Key Strategy: Komisi XI DPR: Distribusi pupuk subsidi harus diawasi hingga daerah 3T

Komisi XI DPR: Distribusi pupuk subsidi perlu dipantau sampai ke wilayah 3T

Pantauan untuk wilayah tertinggal

Jakarta – Komisi XI DPR menekankan perlunya pengawasan distribusi pupuk bersubsidi yang dikelola oleh PT Pupuk Indonesia hingga mencapai wilayah tertinggal, terdepan, dan terluar. Wakil Ketua Komisi XI DPR, Fauzi Amro, menjelaskan bahwa pengawasan ini penting untuk memastikan harga pupuk tetap sesuai dengan harga eceran tertinggi (HET). Ia menyoroti bahwa ketersediaan pupuk subsidi saat ini sudah cukup memadai, sehingga perlu kehati-hatian dalam memastikan akses ke daerah-daerah yang kurang berkembang.

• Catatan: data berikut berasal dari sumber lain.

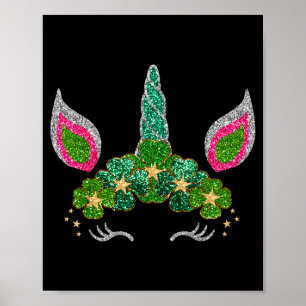 Cute Shamrock Irish Unicorn Face Tee St.patrick's  Poster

“Pupuk bersubsidi ini memiliki nilai penting, dan ketersediaannya sudah sangat memadai. Namun, untuk daerah 3T mohon perhatian ekstra, karena hal ini sangat berpengaruh pada pendapatan petani,” ujar Fauzi dalam keterangan di Jakarta, Rabu.

Kebijakan Perpres 113 Tahun 2025 mendapat apresiasi

Anggota Komisi XI DPR, Bertu Merlas, mengapresiasi kebijakan Peraturan Presiden (Perpres) Nomor 113 Tahun 2025 yang dianggap mendorong kepastian pasokan pupuk. Menurutnya, aturan ini juga memperkuat aksesibilitas pupuk di lapangan, bahkan di tengah dinamika geopolitik Timur Tengah. Ia menambahkan bahwa penyederhanaan distribusi telah memberikan kemudahan langsung bagi petani.

“Beberapa tahun terakhir, kita harus mengucapkan terima kasih kepada Pupuk Indonesia. Bukan petani yang menunggu pupuk, tapi pupuk yang menunggu petani,” kata Bertu.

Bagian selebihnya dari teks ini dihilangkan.